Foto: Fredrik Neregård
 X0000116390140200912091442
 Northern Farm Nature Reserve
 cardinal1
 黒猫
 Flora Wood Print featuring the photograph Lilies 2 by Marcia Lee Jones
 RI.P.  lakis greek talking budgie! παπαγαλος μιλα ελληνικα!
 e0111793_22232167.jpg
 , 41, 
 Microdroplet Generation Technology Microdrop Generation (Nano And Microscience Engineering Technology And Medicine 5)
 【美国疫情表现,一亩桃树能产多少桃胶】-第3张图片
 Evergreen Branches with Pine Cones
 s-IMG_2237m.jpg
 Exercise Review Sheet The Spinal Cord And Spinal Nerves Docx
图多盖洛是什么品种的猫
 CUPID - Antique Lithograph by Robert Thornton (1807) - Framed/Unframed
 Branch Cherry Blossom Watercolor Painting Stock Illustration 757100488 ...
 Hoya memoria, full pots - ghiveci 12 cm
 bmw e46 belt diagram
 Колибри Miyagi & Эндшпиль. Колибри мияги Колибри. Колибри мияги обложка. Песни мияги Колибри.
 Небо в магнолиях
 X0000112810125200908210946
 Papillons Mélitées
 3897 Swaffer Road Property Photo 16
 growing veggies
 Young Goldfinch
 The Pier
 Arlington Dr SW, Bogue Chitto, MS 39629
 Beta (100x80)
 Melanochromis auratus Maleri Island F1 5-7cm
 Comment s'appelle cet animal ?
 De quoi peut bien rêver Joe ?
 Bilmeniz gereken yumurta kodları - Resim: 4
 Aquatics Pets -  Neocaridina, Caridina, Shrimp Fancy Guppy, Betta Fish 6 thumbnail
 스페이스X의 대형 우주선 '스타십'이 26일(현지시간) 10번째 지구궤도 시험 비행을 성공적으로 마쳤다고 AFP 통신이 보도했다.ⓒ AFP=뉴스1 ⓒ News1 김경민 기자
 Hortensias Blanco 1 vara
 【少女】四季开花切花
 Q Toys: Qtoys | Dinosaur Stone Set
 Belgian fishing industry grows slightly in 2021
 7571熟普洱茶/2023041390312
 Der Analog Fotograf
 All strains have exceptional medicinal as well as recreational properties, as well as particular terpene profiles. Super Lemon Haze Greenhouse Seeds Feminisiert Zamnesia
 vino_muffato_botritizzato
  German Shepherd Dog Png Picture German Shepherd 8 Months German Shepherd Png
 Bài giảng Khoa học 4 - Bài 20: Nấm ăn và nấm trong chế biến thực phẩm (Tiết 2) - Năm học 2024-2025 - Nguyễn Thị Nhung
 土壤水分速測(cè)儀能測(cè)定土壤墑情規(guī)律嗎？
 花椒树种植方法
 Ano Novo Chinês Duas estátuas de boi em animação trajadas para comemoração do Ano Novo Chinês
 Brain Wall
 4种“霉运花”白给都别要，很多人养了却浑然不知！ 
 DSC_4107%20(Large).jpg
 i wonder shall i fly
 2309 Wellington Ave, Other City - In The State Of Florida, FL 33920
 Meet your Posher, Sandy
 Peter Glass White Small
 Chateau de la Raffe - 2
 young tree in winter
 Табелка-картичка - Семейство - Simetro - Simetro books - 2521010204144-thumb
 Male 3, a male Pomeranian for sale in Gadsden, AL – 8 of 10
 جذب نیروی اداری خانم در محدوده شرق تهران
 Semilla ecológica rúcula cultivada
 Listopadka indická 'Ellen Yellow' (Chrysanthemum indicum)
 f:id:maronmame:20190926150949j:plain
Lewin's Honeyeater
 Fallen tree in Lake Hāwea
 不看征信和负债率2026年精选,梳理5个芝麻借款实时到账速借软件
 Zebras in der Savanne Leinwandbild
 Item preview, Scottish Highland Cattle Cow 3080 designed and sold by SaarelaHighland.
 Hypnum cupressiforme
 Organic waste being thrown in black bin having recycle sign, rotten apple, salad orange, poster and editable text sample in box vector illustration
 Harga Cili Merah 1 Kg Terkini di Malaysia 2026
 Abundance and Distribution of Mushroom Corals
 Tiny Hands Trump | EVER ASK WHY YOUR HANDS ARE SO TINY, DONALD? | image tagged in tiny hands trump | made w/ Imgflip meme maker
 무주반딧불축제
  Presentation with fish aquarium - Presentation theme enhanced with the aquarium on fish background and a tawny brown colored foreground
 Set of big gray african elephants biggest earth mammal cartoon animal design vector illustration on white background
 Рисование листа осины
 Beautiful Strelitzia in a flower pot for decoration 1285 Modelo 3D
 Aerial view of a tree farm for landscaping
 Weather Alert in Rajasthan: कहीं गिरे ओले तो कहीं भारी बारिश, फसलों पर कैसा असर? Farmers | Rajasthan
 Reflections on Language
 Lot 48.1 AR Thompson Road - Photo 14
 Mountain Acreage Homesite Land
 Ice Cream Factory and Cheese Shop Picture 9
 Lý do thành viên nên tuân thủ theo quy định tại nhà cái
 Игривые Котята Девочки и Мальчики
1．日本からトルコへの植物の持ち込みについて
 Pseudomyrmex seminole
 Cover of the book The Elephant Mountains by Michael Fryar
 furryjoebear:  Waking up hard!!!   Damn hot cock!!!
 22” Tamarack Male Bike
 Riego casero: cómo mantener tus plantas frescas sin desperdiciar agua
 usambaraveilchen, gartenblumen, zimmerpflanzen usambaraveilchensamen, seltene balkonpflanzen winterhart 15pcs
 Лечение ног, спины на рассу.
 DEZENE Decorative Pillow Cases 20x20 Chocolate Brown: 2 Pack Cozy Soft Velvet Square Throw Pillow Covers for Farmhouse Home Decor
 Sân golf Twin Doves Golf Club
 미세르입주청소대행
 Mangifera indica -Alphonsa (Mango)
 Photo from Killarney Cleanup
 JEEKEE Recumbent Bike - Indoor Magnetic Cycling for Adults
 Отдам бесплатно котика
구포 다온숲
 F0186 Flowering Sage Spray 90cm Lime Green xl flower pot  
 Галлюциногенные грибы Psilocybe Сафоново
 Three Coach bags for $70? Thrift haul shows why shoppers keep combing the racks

-------

_YOUR INSTRUCTIONS:_ Only the lines from the one with "usambaraveilchen, gartenblumen, zimmerpflanzen" through the final line above should be repeated, each exactly as written.

_ANSWER TO THE EXERCISE:_
 usambaraveilchen, gartenblumen, zimmerpflanzen usambaraveilchensamen, seltene balkonpflanzen winterhart 15pcs
 Лечение ног, спины на рассу.
 DEZENE Decorative Pillow Cases 20x20 Chocolate Brown: 2 Pack Cozy Soft Velvet Square Throw Pillow Covers for Farmhouse Home Decor
 Sân golf Twin Doves Golf Club
 미세르입주청소대행
 Mangifera indica -Alphonsa (Mango)
 Photo from Killarney Cleanup
 JEEKEE Recumbent Bike - Indoor Magnetic Cycling for Adults
 Отдам бесплатно котика
구포 다온숲
 F0186 Flowering Sage Spray 90cm Lime Green xl flower pot  
 Галлюциногенные грибы Psilocybe Сафоново
 Three Coach bags for $70? Thrift haul shows why shoppers keep combing the racks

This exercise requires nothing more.